Breakthrough for UCSF professor — and a princely $22 million award
Research could open pathway for non-opioid-based painkillers — a timely scientific advancement
David Julius, a professor at UC San Francisco, spends his days studying the molecules and mechanisms underlying pain sensation.
His research could lay the foundation for a new class of non-opioid-based painkillers, a timely need as communities across the country are hit harder than ever by the opioid crisis.
On Nov. 3, Julius will receive a 2020 Breakthrough Prize, which this year awards $22 million in prize money to researchers in math, physics and life science. The honorees are celebrated with a starstudded, red- carpet gala at NASA Ames designed to create a cultural shift by treating scientists like celebrities, with the hope that their groundbreaking contributions will receive the type of recognition bestowed on movie stars, athletes and rock music legends.
The recognition is magnificent, but Julius is worried that in the current political climate, no one will pay attention.
“The current lack of faith in scientific advancement and expertise is really sort of chilling for those of us who do research,” he said. “If we came up with a great advance, would people cast it away because they have a non-factbased view of science?
“We need to let people know that society should and does value not just individuals who do the work but the work that we do.”

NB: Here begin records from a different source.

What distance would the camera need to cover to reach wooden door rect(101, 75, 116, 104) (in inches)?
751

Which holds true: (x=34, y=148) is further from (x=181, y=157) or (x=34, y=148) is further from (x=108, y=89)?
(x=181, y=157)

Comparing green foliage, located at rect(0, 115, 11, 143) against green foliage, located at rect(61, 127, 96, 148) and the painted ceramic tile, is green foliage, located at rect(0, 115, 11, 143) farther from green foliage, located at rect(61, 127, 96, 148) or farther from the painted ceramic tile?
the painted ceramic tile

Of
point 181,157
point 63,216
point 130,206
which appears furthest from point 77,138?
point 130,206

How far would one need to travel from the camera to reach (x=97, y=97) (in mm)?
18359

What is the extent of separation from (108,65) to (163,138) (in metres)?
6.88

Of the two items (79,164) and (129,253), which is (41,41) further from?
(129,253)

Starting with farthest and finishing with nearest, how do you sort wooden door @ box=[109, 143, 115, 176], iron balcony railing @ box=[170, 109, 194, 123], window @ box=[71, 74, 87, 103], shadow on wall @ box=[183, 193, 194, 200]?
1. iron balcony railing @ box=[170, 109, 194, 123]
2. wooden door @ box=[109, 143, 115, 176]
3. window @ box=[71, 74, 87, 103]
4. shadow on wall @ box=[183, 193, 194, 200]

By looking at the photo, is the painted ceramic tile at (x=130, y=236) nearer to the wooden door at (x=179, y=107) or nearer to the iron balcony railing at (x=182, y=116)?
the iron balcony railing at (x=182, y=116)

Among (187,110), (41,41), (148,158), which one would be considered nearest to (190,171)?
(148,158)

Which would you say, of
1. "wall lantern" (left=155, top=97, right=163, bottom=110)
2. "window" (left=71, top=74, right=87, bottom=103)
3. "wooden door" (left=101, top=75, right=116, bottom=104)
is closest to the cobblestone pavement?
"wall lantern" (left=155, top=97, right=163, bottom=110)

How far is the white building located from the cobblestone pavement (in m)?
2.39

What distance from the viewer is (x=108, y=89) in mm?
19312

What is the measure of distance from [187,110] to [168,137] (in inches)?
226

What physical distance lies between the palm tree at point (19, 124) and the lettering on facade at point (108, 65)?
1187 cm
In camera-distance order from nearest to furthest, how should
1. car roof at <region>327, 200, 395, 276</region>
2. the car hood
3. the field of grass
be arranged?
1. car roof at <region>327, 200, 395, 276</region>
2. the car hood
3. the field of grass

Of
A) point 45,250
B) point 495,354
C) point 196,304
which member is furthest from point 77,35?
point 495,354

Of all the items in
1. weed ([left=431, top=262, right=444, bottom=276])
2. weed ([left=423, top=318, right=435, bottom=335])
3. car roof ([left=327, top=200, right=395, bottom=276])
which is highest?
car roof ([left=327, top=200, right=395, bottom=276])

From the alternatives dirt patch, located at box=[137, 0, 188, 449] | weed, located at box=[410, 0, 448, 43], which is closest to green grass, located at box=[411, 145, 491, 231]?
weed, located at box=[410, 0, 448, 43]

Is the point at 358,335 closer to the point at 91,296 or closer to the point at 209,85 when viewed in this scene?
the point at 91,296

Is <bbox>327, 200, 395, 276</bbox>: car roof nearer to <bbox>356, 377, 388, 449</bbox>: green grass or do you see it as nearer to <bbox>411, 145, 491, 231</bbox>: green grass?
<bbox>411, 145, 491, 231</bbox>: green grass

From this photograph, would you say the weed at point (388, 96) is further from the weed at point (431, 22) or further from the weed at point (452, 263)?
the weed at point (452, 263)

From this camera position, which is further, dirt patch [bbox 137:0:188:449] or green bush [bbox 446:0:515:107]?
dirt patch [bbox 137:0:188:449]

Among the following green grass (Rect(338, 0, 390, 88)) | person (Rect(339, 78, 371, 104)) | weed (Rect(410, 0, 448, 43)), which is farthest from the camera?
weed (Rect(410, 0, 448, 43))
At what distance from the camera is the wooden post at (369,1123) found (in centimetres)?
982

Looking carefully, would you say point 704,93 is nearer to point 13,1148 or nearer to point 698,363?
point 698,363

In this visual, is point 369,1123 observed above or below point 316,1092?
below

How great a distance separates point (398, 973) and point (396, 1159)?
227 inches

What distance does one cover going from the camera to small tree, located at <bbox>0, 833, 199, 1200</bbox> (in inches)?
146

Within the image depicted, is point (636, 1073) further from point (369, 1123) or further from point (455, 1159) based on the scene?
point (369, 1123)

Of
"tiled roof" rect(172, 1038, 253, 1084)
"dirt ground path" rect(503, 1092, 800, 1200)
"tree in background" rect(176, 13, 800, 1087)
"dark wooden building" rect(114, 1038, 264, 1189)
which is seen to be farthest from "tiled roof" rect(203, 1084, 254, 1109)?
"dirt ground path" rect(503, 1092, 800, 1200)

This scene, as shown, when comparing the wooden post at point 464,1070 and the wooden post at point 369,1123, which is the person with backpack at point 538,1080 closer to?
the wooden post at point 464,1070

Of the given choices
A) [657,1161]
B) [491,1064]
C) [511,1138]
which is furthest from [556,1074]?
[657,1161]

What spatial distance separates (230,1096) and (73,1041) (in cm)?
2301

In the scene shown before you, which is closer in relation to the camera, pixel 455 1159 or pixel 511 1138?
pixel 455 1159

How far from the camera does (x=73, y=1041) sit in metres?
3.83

The prizes were conceived by theoretical physicist and entrepreneur Yuri Milner, who founded the Breakthrough Prize Foundation in 2012. Milner and his wife, Julia, fund the awards, along with Chinese entrepreneur Ma Huateng and several Silicon Valley tech titans: Anne Wojcicki, Sergey Brin and Mark Zuckerberg and his wife, Priscilla Chan.

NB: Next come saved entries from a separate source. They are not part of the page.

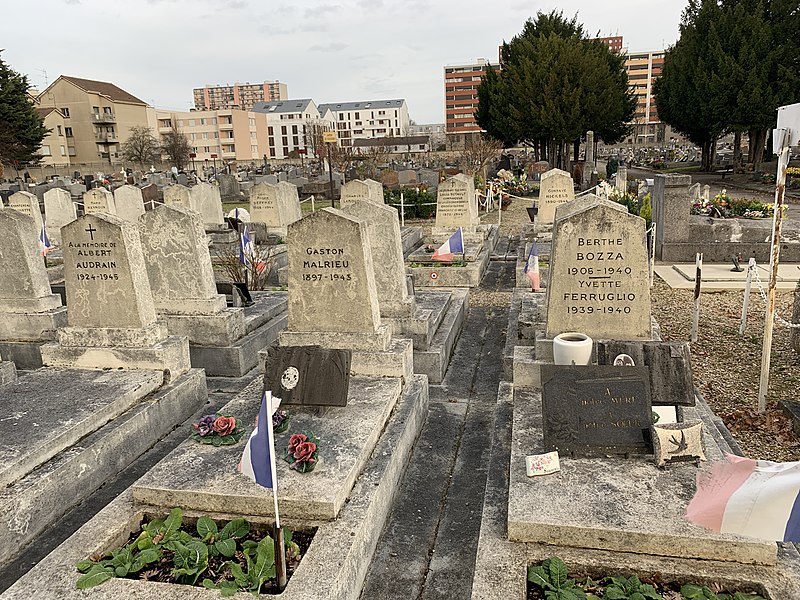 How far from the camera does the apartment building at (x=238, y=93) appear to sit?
17999 centimetres

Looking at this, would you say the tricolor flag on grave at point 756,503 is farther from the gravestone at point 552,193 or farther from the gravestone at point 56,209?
the gravestone at point 56,209

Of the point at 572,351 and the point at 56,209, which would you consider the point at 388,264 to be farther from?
the point at 56,209

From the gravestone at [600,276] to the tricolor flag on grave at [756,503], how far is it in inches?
101

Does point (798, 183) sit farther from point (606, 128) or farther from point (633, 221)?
point (633, 221)

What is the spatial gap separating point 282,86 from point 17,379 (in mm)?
193219

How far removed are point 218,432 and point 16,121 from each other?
4325cm

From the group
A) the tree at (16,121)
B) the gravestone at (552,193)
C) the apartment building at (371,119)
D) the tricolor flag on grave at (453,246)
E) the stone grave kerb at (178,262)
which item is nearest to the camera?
the stone grave kerb at (178,262)

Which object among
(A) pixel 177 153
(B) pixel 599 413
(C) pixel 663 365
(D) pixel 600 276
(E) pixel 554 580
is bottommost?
(E) pixel 554 580

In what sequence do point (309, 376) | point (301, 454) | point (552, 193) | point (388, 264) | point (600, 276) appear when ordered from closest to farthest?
point (301, 454), point (309, 376), point (600, 276), point (388, 264), point (552, 193)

The scientists’ prize-winning discoveries, announced Thursday, include the first image of a supermassive black hole, the biological basis of food intake and weight, and the common mechanisms behind neurodegenerative disorders such as Parkinson’s disease.

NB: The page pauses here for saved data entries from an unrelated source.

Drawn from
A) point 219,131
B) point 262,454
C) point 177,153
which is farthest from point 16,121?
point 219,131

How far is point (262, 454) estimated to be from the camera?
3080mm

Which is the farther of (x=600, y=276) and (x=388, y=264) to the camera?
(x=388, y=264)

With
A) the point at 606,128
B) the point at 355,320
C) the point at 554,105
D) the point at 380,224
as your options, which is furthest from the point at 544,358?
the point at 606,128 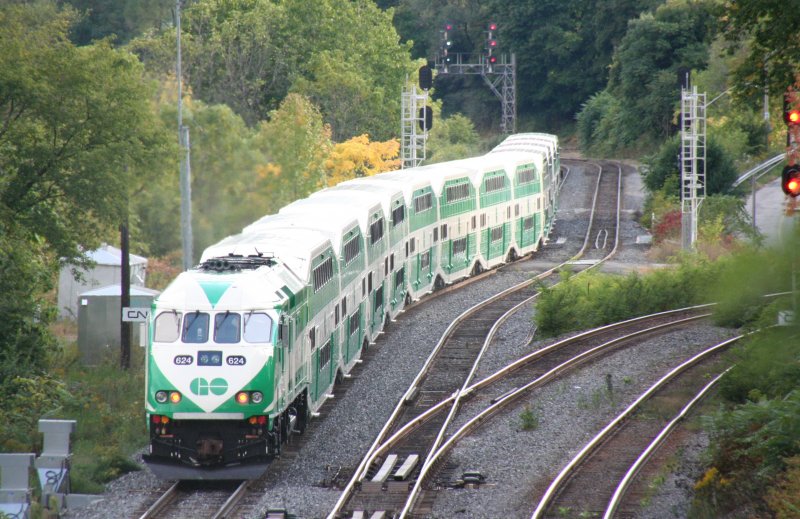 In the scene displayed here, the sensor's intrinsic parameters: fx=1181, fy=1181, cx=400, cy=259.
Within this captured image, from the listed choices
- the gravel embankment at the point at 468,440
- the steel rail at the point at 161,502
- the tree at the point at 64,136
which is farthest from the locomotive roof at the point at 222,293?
the tree at the point at 64,136

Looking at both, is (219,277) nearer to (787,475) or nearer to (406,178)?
(787,475)

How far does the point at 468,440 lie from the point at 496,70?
85505 mm

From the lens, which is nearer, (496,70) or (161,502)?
(161,502)

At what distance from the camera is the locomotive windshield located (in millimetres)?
17094

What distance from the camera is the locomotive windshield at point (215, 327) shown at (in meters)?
17.1

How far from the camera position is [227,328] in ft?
56.3

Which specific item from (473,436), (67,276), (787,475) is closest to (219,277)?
(473,436)

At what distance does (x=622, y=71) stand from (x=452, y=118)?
43.5 ft

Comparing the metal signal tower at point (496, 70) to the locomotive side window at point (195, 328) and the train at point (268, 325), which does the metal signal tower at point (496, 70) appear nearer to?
the train at point (268, 325)

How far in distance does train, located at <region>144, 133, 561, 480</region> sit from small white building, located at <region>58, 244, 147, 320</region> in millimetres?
8550

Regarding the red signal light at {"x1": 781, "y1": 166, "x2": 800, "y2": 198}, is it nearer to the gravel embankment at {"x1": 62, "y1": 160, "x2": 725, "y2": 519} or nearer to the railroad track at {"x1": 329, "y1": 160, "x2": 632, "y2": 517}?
the gravel embankment at {"x1": 62, "y1": 160, "x2": 725, "y2": 519}

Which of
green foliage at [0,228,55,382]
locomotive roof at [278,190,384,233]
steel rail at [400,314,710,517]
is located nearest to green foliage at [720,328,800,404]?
steel rail at [400,314,710,517]

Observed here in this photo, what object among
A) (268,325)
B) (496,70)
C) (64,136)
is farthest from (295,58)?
(496,70)

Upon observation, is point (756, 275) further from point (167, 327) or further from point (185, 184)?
point (185, 184) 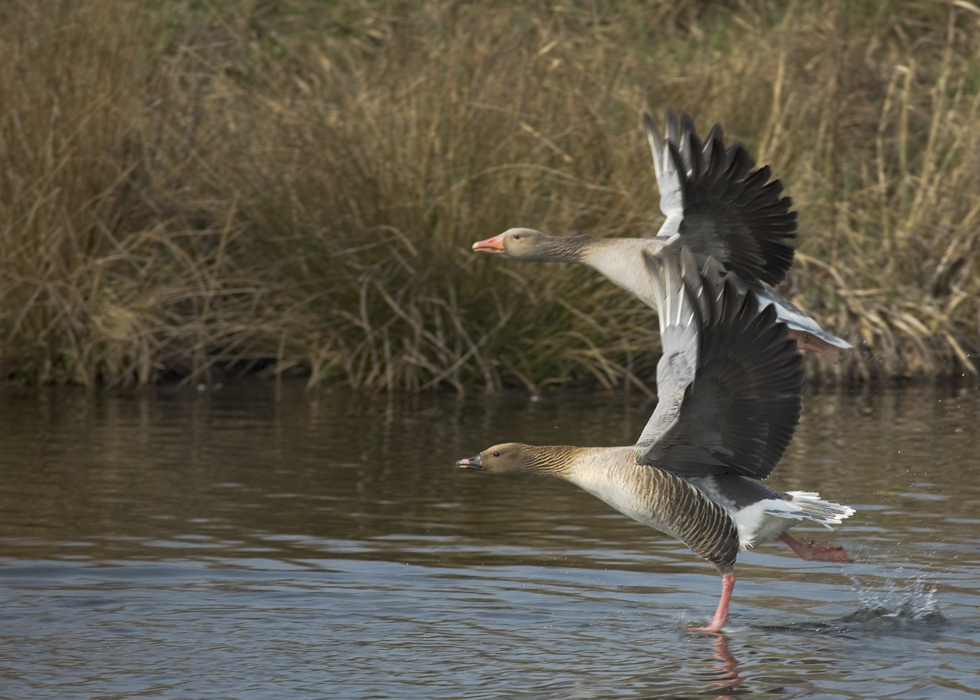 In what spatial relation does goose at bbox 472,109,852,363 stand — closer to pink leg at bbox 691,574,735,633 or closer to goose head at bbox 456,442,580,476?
goose head at bbox 456,442,580,476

Two of the winners have Bay Area ties. In addition to Julius, Stanford visiting professor Daniel Freedman was a co-recipient of the Special Breakthrough Prize in Fundamental Physics for his 1976 discovery of supergravity.
Freedman shares the $3 million prize with his colleagues Sergio Ferrara of Cern and Peter van Nieuwenhuizen of Stony Brook University.
Supergravity, which com
bines principles of general relativity and supersymmetry, brings the field of physics a step closer to a unified theory of nature and the cosmos. Freedman says any potential applications are still years away, but illuminating the underlying theory is just as important.
“What we do generates knowledge about the universe on a fundamental level,” Freedman said.
With their victory, Julius and Freedman join an elite group that includes the famed theoretical physicist Stephen Hawking. The other 2020 laureates, chosen to win $3 million each by a committee of past winners, are:
• The 349 astrophysicists of the Event Horizon Telescope Team for the first image of a supermassive black hole.
• Jeffrey Friedman of the Rockefeller University for the discovery of a new endocrine system that regulates how much we eat and weigh.
• Franz-Ulrich Hartl of the Max Planck Institute of Biochemistry and Arthur L. Horwich of Yale University, for the discovery of the intra-cellular machinery that supports protein folding and prevents protein aggregation, which can lead to cancer and neurodegenerative diseases.
• Virginia Man-Yee Lee of the University of Pennsylvania, for identifying common mechanisms and proteins that play a major role in neurodegenerative brain disorders.
• Alex Eskin of the University of Chicago for his discoveries in the dynamics and geometry of moduli spaces, including the proof of the “magic wand theorem” with famed Iranian mathematician and Fields Medalist Maryam Mirzakhani.
The Breakthrough Prize also awards six New Horizons Prizes of $100,000 each for early- career achievements in physics and math and $250,000 in educational prizes to the winner of the Breakthrough Junior Challenge, which asks students to create a short video explaining an important scientific concept. The student winner’s science teacher will receive $50,000, and his school will receive a new laboratory valued at $100,000.
Educating young people “on how science works at its best” is vital, Julius says: “Without that, we’re down the tubes.”